Con un diseño de producción excelente en el que han intervenido hasta tres de las mejores productoras españolas (Amazon, Atresmedia y Boomerang TV), La Templanza es una serie que pone todo de su parte para ser lo más fiel posible al libro desde el punto de vista escénico y visual. La fotografía de Óscar Montesinos y Bernat Bosch (El inocente), el vestuario de Pepo Ruiz Dorado y, especialmente, la dirección de arte de Dídac Bono (Lo imposible) recrean al detalle la época y la decadencia de la alta burguesía en lugares tan diferentes del mundo como Jerez, México y Londres.

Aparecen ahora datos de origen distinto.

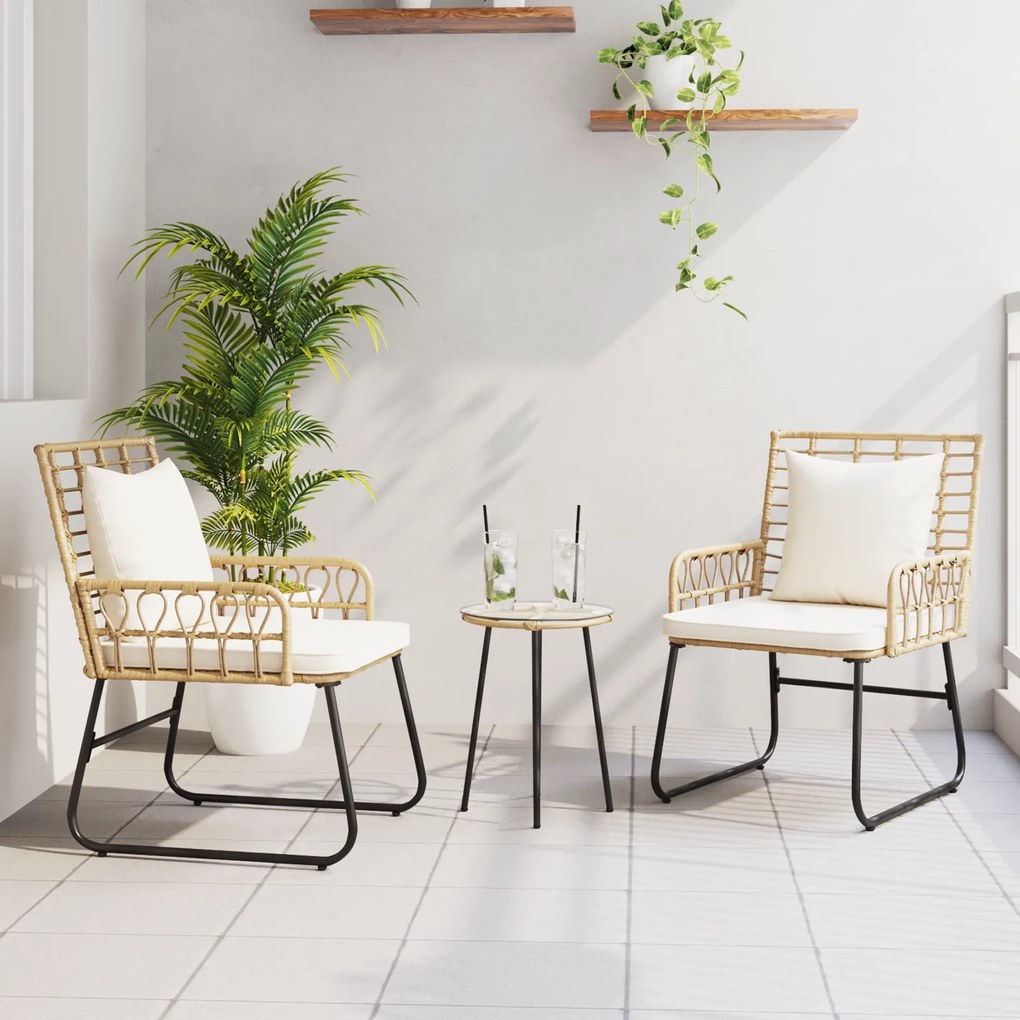 vidaXL Σέτ φαγητού για κήπο 3 pcs Μαύρο, Ανθρακί Πολυ rattan, ατσάλι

En el reparto, con la excepción de Leonor Watling, Emilio Gutiérrez Caba y Juana Acosta, no hay la galería de estrellas que podíamos esperar de una producción así, pero el casting es muy acertado y el nivel interpretativo en ningún momento desmerece. Los problemas de la serie provienen más del origen: la novela de María Dueñas. Una historia telenovelesca muy bien documentada y con una delicadeza que, sin embargo, carece del ritmo, la intensidad y la complejidad de Tiempo entre costuras. Algunos de los numerosos giros en la trama resultan demasiado artificiales, al igual que el desarrollo del arco dramático de varios personajes. Los capítulos y la temporada se hacen demasiado largos, con escenas de relleno que no transmiten el grado de fascinación narrativa que sí genera la belleza visual de cada plano.
Aun así, la serie supera con creces a ficciones españolas de perfil similar como las producidas por Bambú: Gran Hotel, Alta mar o Velvet. La novela de María Dueñas tiene limitaciones pero también mucho oficio. Hay una sutileza natural que se mantiene en la narración evitando la caída en el culebrón efectista.